Le lourd souci, l’égarante inquiétude
Qui nous écrasent, nous qui vivons et gagnons notre pain,
Ces vains vers n’ont pas pouvoir de les déplacer.
Donc laissez-moi chanter les noms remémorés
De ceux qui, ne vivant plus, ne peuvent jamais mourir,
Ni abolir pour longtemps leur souvenir
En nous, vains chanteurs d’une journée désœuvrée.

Rêveur de rêves, né hors de mon temps,
Pourquoi m’efforcerais-je à redresser ceux qui sont estropiés ?
Qu’il me suffise que mes rimes murmurantes
Battent d’aile légère contre la porte d’ivoire,
Contant un conte qui ne soit pas trop importun
À ceux qui vivent dans la région ensommeillée,
Assoupis par le vain chanteur d’une journée désœuvrée.

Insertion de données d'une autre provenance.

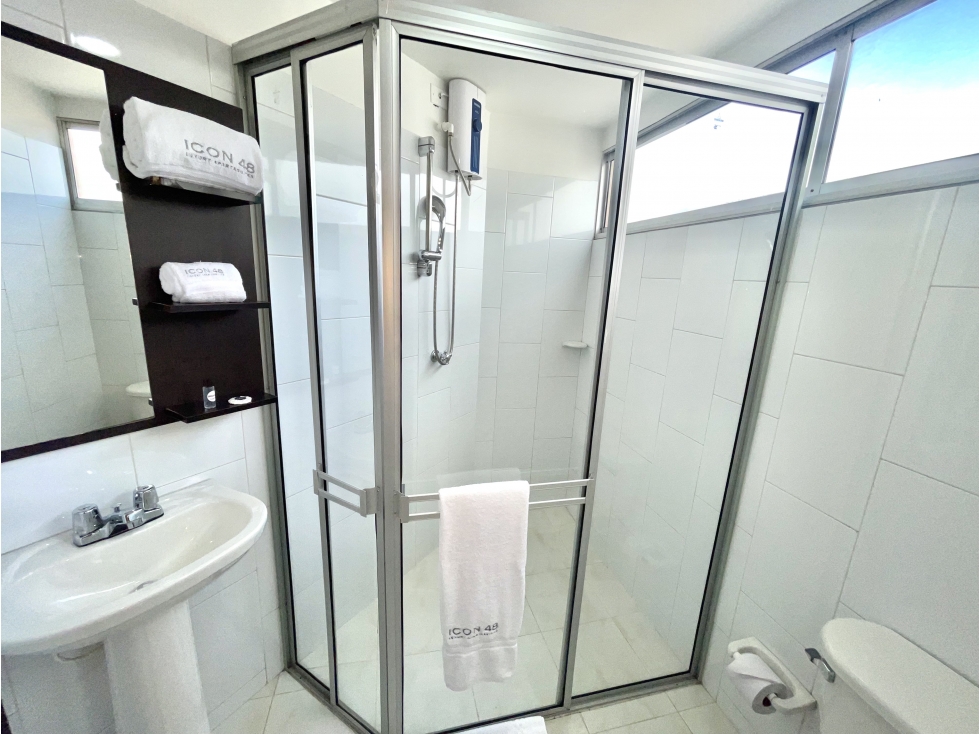 Se arrienda Apartamento Amoblado — foto 3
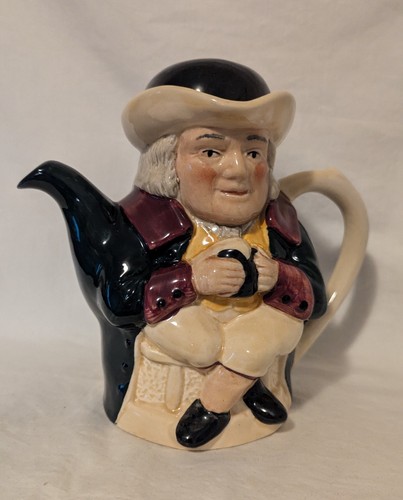 Vintage tony wood - tony,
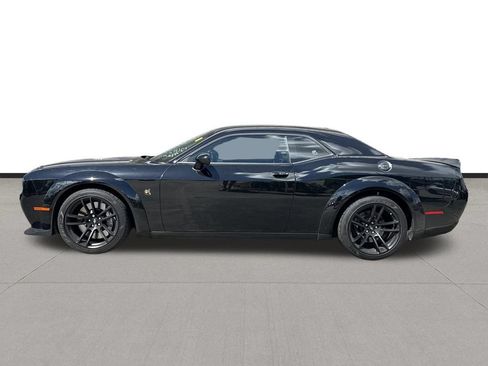 Used 2023 Dodge Challenger R/T Scat Pack RWD image 7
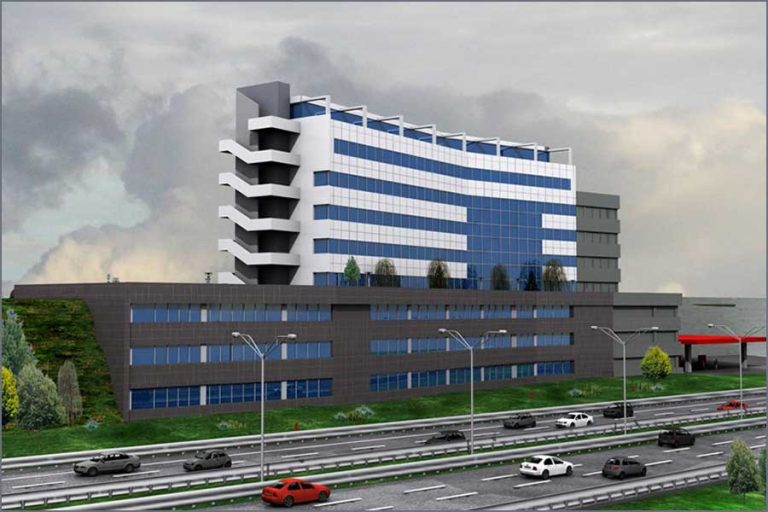 KOSİFLER KÜÇÜKYALI OFİSİ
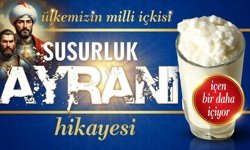Susurluk Ayranı'ndaki Fatih Sultan Mehmet ayrıntısı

Les gens disent qu’un sorcier montra jadis à un roi du Nord,
Au temps de Noël, de si merveilleuses choses,
Que par une fenêtre on voyait naître le printemps,
Et par une autre se consumer l’été,
Et par une troisième mûrir en rang les vignes,
Tandis que toujours, comme d’habitude, mais sans être entendu,
Sifflait le vent triste de cette journée de décembre.

De même en est-il de ce Paradis Terrestre,
Si vous voulez bien me comprendre et me pardonner,
À moi qui m’épuise à bâtir une ombreuse île de bonheur
Au milieu des chocs de la mer d’acier
Où sont ballotés tous les cœurs des hommes
Et dont les monstres dévorants ne seront égorgés que par les forts,
Non par le pauvre chanteur d’une journée désœuvrée.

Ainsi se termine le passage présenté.